*** Begin section ***

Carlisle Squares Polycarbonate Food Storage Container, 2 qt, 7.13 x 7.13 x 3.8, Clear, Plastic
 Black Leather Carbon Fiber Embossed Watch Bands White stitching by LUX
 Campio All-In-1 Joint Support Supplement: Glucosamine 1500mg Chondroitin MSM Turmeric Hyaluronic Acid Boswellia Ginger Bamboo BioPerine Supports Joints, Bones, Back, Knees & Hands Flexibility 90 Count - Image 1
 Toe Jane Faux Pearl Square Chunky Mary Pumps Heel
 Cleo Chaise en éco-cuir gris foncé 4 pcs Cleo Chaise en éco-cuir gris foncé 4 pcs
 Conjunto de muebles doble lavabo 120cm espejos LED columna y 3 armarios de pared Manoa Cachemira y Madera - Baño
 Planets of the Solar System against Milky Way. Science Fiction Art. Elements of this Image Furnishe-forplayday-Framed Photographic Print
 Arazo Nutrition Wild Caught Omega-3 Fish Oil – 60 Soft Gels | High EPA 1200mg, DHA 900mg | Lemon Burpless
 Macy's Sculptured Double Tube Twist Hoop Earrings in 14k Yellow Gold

*** End section ***

◆ YOUR GOAL ◆
Going line by line, set down the data above exactly as given.

◆ SOLVED EXERCISE ◆
Carlisle Squares Polycarbonate Food Storage Container, 2 qt, 7.13 x 7.13 x 3.8, Clear, Plastic
 Black Leather Carbon Fiber Embossed Watch Bands White stitching by LUX
 Campio All-In-1 Joint Support Supplement: Glucosamine 1500mg Chondroitin MSM Turmeric Hyaluronic Acid Boswellia Ginger Bamboo BioPerine Supports Joints, Bones, Back, Knees & Hands Flexibility 90 Count - Image 1
 Toe Jane Faux Pearl Square Chunky Mary Pumps Heel
 Cleo Chaise en éco-cuir gris foncé 4 pcs Cleo Chaise en éco-cuir gris foncé 4 pcs
 Conjunto de muebles doble lavabo 120cm espejos LED columna y 3 armarios de pared Manoa Cachemira y Madera - Baño
 Planets of the Solar System against Milky Way. Science Fiction Art. Elements of this Image Furnishe-forplayday-Framed Photographic Print
 Arazo Nutrition Wild Caught Omega-3 Fish Oil – 60 Soft Gels | High EPA 1200mg, DHA 900mg | Lemon Burpless
 Macy's Sculptured Double Tube Twist Hoop Earrings in 14k Yellow Gold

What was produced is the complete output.